Encouragingly, the RNN often decoded sensible sequences of phonemes before a language model was applied (Fig. 2d). Phoneme error rates computed on the raw RNN output were 19.7% for vocal speech (20.9% for silent; see Table 1) and phoneme decoding errors followed a pattern related to speech articulation, in which phonemes that are articulated similarly were more likely to be confused by the RNN decoder (Extended Data Fig. 6). These results suggest that good decoding performance is not overly reliant on a language model.

Extended Data Fig. 6. Phoneme substitution errors observed across all real-time evaluation sentences.

Extended Data Fig. 6

Entry (i.j) in the matrix represents the substitution count observed for true phoneme i and decoded phoneme j. Substitutions were identified using an edit distance algorithm that determines the minimum number of insertions, deletions, and substitutions required to make the decoded phoneme sequence match the true phoneme sequence. Most substitutions appear to occur between phonemes that are articulated similarly.

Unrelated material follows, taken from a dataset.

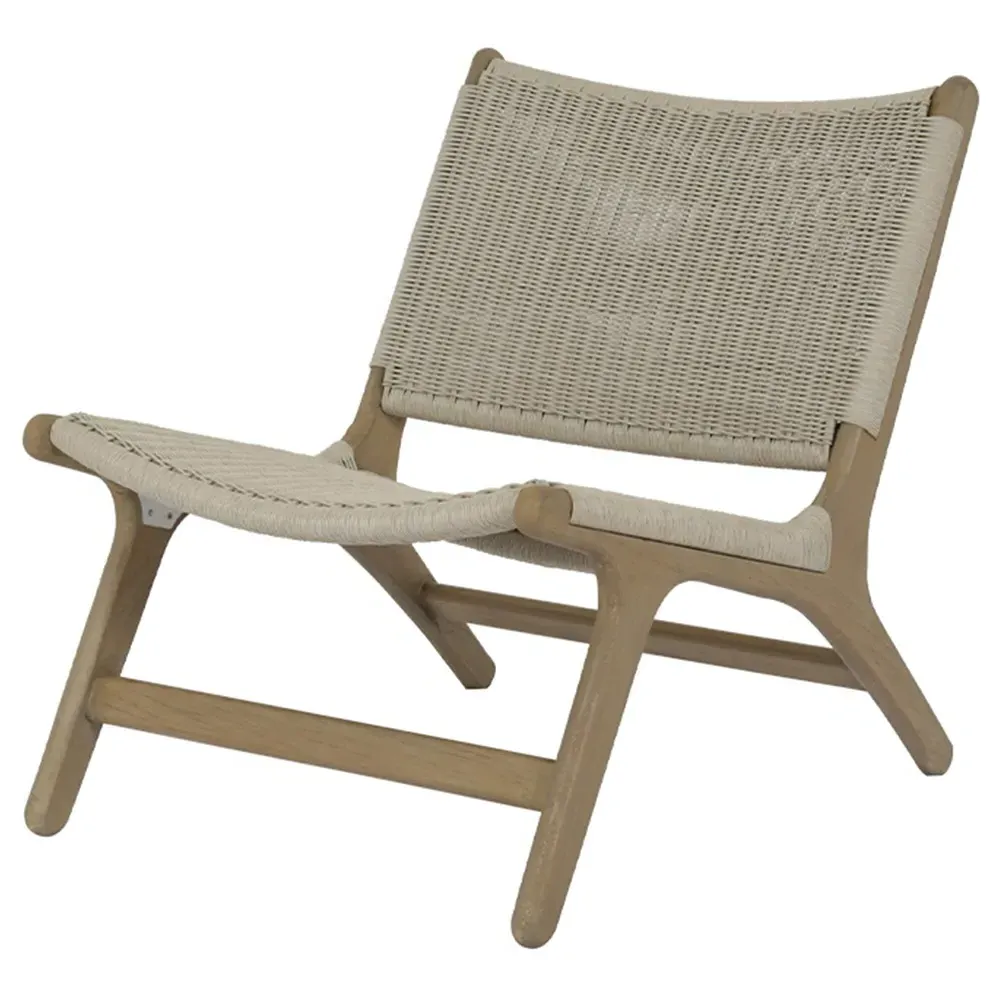 Amina Coastal Outdoor Accent Chair - Grey, Teak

We also examined how information about speech production was distributed across the electrode arrays (Extended Data Fig. 7). We found that, consistent with Fig. 1, the ventral 6v array appeared to contribute more to decoding. Nevertheless, both arrays were useful and low word error rates could be achieved only by combining both (offline analyses showed a reduction in word error rate from 32 to 21% when adding the dorsal to the ventral array).

Extended Data Fig. 7. Contribution of each array and microelectrode to decoding performance.

Extended Data Fig. 7

(a) Word error rates for a retrospective offline decoding analysis using just the ventral 6v array (left column), dorsal 6v array (middle column), or both arrays (right column). Each circle indicates the word error rate for one of 10 RNN seeds. Word error rates were aggregated across 400 trials. Horizontal lines depict the mean across all 10 seeds. (b) Heatmaps depicting the (offline) increase in phoneme error rate when removing each electrode from the decoder by setting the values of its corresponding features to zero. Results were averaged across 10 RNN seeds that were originally trained to use every electrode. Almost all electrodes seem to contribute to decoding performance, although the most informative electrodes are concentrated on the ventral array. The effect of removing any one electrode is small (<1% increase in phoneme error rate), owing to the redundancy across electrodes.

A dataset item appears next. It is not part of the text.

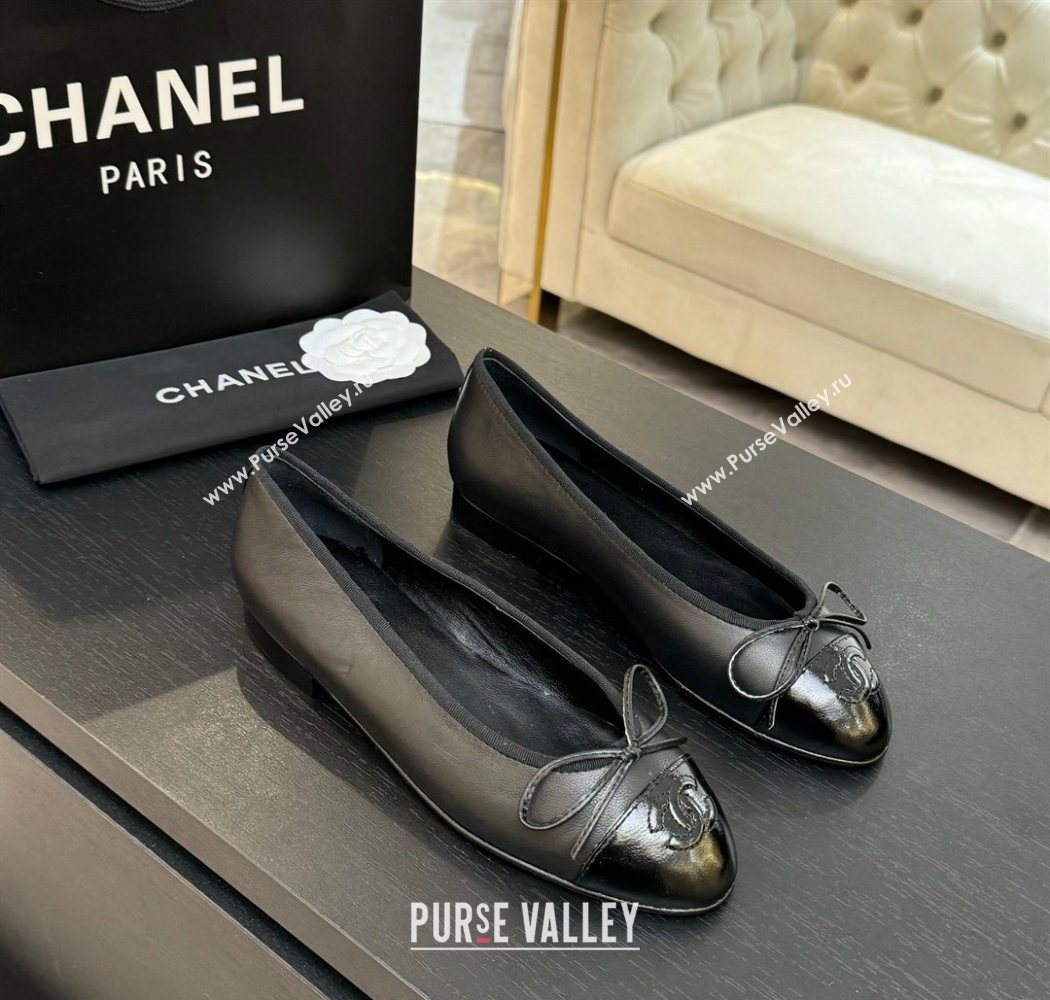 Chanel Classic Lambskin Patent Calfskin Ballet Flats with Bow Black 2025 0901 (MD-250901023)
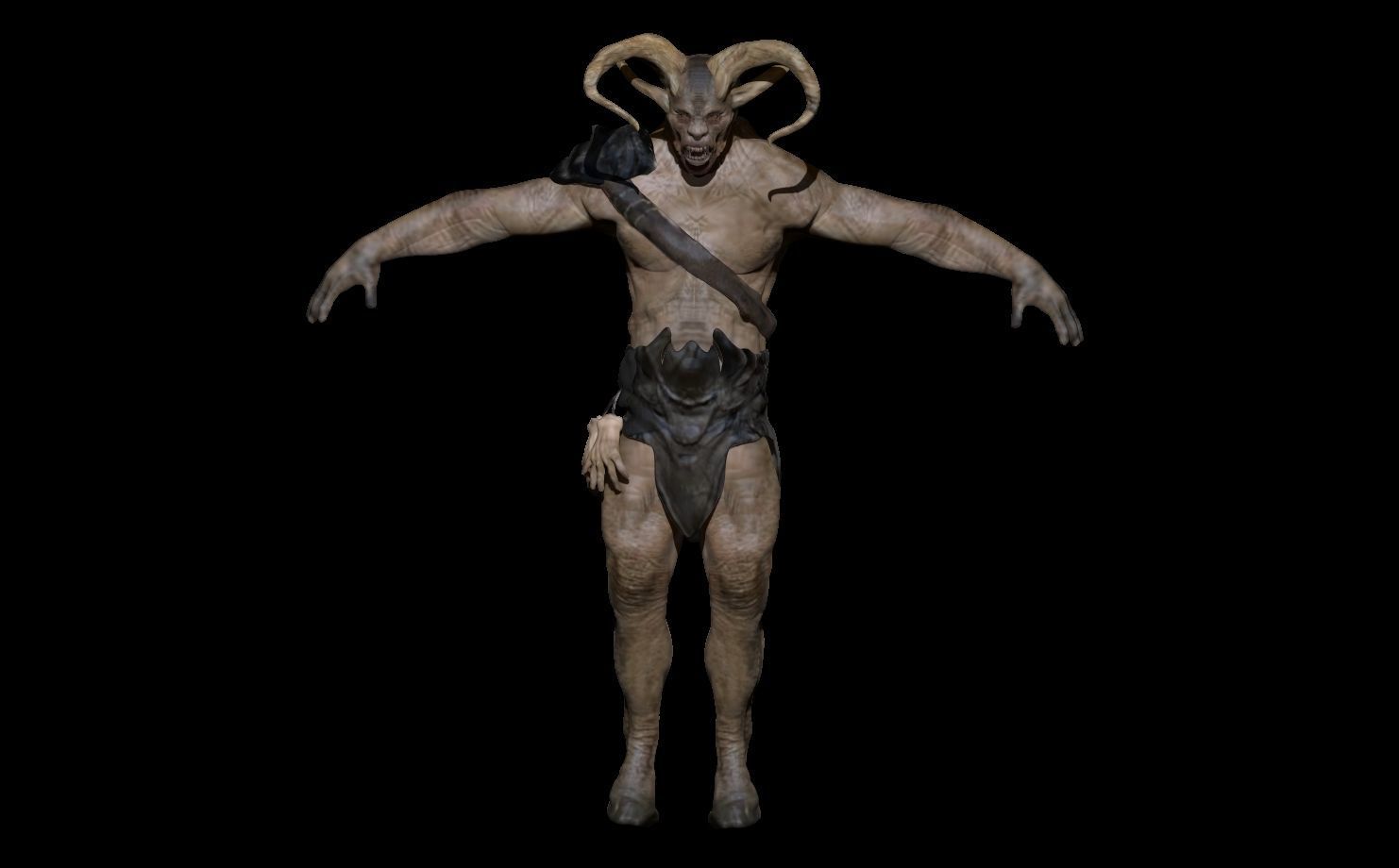 Trollocs criaturas da noite Low-poly 3D model_5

Finally we explored the ceiling of decoding performance offline by (1) making further improvements to the language model and (2) evaluating the decoder on test sentences that occurred closer in time to the training sentences (to mitigate the effects of within-day changes in the neural features across time). We found that an improved language model could decrease word error rates from 23.8 to 17.4%, and that testing on more proximal sentences further decreased word error rates to 11.8% (Table 1). These results indicate that substantial gains in performance are probably still possible with further language model improvements and more robust decoding algorithms that generalize better to non-stationary data (for example, unsupervised methods that track non-stationarities without the requirement for new training data2427).

Preserved representation of speech

Next we investigated the representation of phonemes in area 6v during attempted speech. This is a challenging problem because we do not have ground-truth knowledge of when each phoneme is being spoken (because T12 cannot speak intelligibly). To estimate how each phoneme was neurally represented, we analysed our RNN decoders to extract vectors of neural activity (‘saliency’ vectors) that maximized RNN probability output for each phoneme. We then asked whether these saliency vectors encode details about how phonemes are articulated.

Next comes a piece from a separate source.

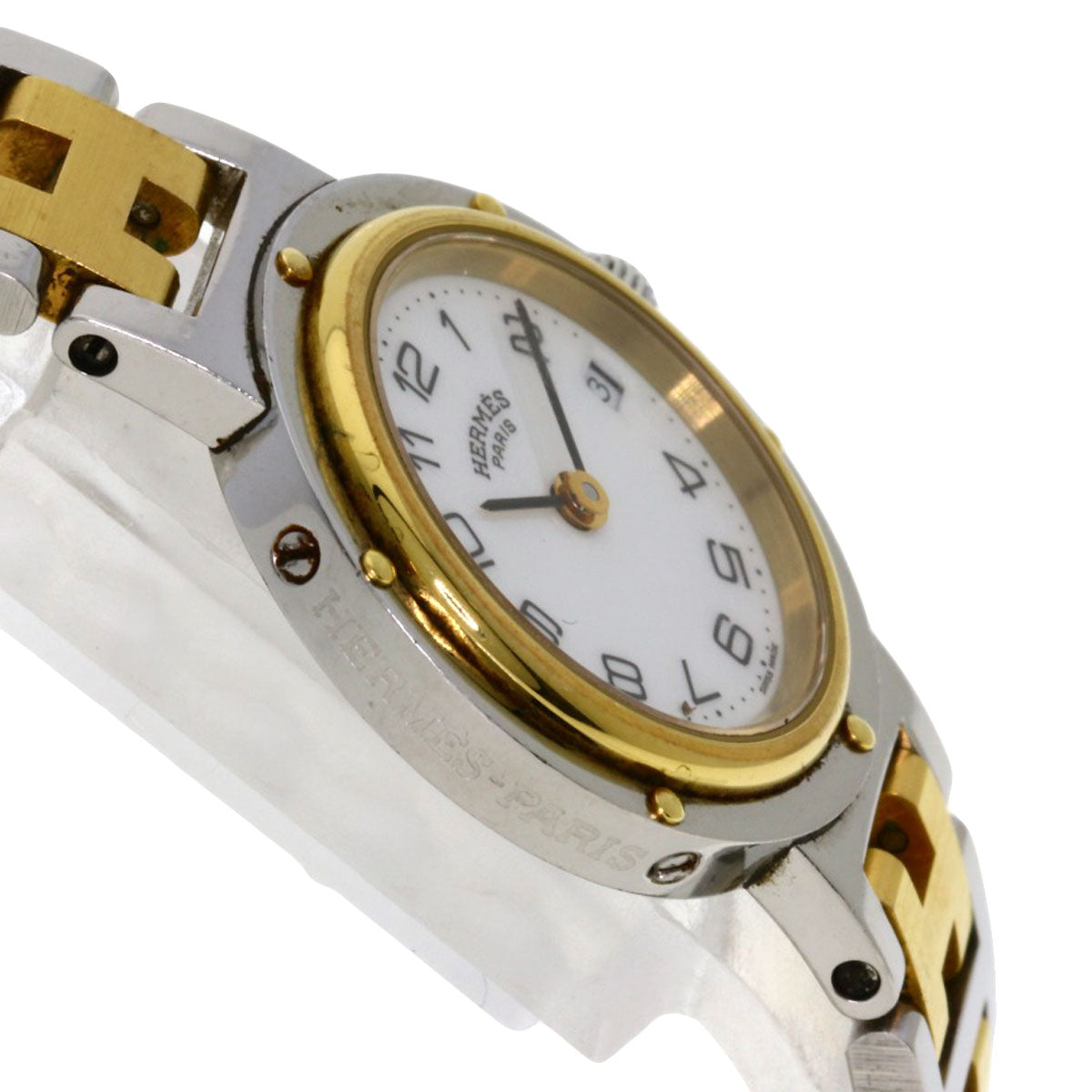 HERMES Watches Quartz Stainless Steel , SSxGP gold Clipper white dial Women Used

First we compared the neural representation of consonants to their articulatory representation, as measured by electromagnetic articulography in an able-bodied speaker. We found a broadly similar structure, which is especially apparent when ordering consonants by place of articulation (Fig. 3a); the correlation between electromagnetic articulography (EMA) and neural data was 0.61, far above chance (Fig. 3b). More detailed structure can also be seen—for example, nasal consonants are correlated (M, N and NG)—and W is correlated with both labial consonants and velar/palatal consonants (because it contains aspects of both). Examining a low-dimensional representation of the geometry of both neural and articulatory representation shows a close match in the top two dimensions (Fig. 3c).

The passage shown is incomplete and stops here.